Given an array S of n integers, are there elements a, b, c in S such that a + b + c = 0? Find all unique triplets in the array which gives the sum of zero.
Note:
Elements in a triplet (a,b,c) must be in non-descending order. (ie, a ≤ b ≤ c)
The solution set must not contain duplicate triplets.
For example, given array S = {-1 0 1 2 -1 -4}, A solution set is: (-1, 0, 1) (-1, -1, 2)
We should first sort the array, and then we iterate the first number, and set one pointer to the next number, and the other pointer to the last number.
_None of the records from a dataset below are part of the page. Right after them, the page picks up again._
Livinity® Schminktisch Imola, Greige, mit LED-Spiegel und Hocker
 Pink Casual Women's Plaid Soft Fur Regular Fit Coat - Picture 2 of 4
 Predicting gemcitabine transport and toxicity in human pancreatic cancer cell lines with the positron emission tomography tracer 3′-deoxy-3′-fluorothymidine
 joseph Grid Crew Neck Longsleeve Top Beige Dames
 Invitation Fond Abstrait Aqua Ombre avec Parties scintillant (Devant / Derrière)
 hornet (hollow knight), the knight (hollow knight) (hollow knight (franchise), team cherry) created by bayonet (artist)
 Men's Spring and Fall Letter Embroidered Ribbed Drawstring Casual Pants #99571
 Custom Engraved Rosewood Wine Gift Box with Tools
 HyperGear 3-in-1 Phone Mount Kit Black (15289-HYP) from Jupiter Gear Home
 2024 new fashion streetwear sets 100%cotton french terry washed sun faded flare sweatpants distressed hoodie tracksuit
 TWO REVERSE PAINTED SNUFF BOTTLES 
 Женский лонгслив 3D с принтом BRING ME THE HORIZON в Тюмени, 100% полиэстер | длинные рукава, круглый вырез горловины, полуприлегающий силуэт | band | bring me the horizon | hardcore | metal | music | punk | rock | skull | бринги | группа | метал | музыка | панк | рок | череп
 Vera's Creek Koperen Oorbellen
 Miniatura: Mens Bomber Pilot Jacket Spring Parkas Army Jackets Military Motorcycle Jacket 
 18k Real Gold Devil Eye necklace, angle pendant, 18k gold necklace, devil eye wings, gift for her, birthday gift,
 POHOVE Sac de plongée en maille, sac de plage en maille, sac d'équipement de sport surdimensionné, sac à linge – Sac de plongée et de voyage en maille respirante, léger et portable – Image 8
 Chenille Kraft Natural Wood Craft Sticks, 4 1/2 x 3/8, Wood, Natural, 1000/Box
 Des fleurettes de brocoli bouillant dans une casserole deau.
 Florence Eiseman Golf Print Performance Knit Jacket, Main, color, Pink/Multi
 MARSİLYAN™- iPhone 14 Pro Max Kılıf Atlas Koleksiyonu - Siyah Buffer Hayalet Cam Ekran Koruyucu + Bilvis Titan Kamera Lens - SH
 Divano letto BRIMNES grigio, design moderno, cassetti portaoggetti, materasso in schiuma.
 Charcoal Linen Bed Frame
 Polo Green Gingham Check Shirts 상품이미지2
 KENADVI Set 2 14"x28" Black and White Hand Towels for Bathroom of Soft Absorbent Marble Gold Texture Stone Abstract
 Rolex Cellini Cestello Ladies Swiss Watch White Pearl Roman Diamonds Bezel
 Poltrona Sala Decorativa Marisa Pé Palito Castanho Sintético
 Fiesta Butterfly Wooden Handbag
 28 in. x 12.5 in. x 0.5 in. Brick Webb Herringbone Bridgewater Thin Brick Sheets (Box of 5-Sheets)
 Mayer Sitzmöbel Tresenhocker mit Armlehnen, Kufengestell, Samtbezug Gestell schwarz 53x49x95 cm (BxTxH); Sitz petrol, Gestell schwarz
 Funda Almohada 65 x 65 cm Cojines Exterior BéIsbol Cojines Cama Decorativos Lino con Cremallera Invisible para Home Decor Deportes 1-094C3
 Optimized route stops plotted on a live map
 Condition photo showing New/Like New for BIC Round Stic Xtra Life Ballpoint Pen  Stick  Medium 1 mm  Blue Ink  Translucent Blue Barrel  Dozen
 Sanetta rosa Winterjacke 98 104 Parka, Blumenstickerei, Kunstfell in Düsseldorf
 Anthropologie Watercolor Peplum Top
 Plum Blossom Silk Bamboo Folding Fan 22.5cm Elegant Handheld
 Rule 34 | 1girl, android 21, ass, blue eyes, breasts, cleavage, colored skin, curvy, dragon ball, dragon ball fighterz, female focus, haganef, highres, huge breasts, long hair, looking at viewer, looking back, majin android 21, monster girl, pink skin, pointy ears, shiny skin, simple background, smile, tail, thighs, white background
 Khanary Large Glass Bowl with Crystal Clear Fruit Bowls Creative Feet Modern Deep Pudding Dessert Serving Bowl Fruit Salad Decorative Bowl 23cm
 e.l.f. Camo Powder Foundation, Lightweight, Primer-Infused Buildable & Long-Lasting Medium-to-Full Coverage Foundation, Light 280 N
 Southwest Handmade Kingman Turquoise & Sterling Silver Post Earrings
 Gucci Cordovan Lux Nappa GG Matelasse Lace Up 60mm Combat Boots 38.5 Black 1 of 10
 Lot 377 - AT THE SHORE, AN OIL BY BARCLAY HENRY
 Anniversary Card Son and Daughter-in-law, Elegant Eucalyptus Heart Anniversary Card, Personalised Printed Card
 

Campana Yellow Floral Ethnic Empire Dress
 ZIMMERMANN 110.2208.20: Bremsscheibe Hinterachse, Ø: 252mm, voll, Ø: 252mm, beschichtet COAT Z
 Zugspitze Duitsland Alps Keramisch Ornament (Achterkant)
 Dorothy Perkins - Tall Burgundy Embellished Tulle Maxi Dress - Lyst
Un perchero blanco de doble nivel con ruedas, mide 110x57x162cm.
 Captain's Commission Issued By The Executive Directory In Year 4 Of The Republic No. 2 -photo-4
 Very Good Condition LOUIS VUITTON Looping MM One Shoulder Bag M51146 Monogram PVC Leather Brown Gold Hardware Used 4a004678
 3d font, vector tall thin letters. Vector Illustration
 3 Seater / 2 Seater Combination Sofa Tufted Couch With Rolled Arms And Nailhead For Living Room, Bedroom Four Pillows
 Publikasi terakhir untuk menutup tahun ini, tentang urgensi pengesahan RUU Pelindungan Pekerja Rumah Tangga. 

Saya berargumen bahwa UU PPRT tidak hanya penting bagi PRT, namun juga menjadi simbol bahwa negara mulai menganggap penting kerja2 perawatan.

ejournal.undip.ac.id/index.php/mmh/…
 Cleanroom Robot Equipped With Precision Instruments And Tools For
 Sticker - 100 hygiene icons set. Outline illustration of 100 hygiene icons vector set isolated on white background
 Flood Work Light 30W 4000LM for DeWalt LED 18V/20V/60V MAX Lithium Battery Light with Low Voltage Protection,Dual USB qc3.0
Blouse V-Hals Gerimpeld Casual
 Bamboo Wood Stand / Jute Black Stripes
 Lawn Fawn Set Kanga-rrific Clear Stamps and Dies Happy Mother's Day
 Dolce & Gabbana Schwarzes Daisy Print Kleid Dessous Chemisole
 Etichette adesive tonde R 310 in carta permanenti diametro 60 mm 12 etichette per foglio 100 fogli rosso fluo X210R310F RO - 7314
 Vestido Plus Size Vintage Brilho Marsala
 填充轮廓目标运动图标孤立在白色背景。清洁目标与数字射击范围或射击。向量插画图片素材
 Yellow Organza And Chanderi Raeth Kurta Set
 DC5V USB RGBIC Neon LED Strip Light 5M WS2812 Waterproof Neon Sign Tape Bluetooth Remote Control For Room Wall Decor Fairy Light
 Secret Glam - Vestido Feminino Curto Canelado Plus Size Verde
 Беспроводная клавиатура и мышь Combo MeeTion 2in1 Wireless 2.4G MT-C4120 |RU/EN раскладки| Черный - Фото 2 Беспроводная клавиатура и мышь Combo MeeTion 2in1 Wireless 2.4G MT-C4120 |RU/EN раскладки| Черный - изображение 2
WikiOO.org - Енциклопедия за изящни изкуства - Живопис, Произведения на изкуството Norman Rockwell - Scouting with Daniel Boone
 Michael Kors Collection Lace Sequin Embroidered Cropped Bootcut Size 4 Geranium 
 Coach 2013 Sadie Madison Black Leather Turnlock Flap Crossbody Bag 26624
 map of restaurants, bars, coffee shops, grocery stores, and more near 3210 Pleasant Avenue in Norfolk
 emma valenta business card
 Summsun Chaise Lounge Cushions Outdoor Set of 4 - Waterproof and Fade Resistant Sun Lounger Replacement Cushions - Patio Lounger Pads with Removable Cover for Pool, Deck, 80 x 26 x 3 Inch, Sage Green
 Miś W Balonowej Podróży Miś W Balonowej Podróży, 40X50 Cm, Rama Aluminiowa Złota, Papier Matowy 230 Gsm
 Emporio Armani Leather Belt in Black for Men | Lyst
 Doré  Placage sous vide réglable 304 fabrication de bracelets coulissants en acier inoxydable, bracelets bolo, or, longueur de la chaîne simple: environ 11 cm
But we should be careful to deal with duplicate result. If there are duplicate number, we can skip them directly.
Time: O(n^2)
Space: O(1)
public class Solution {
public List<List<Integer>> threeSum(int[] numbers) {
List<List<Integer>> result = new ArrayList<>();
if (numbers == null || numbers.length < 3) {
return result;
}
Arrays.sort(numbers);
int len = numbers.length;
for (int i = 0; i < len - 2; i++) {
if (i > 0 && numbers[i] == numbers[i - 1]) { /* avoid duplicates */
continue;
}
int start = i + 1;
int end = len - 1;
while (start < end) {
/* avoid duplicates */
if (start > i + 1 && numbers[start] == numbers[start - 1]) {
start++;
} else if (end < len - 1 && numbers[end] == numbers[end + 1]) {
end--;
} else {
int sum = numbers[i] + numbers[start] + numbers[end]; /* may overflow */
if (sum < 0) {
start++;
} else if (sum > 0) {
end--;
} else {
result.add(Arrays.asList(numbers[i], numbers[start++], numbers[end--]));
}
}
}
}
return result;
}
}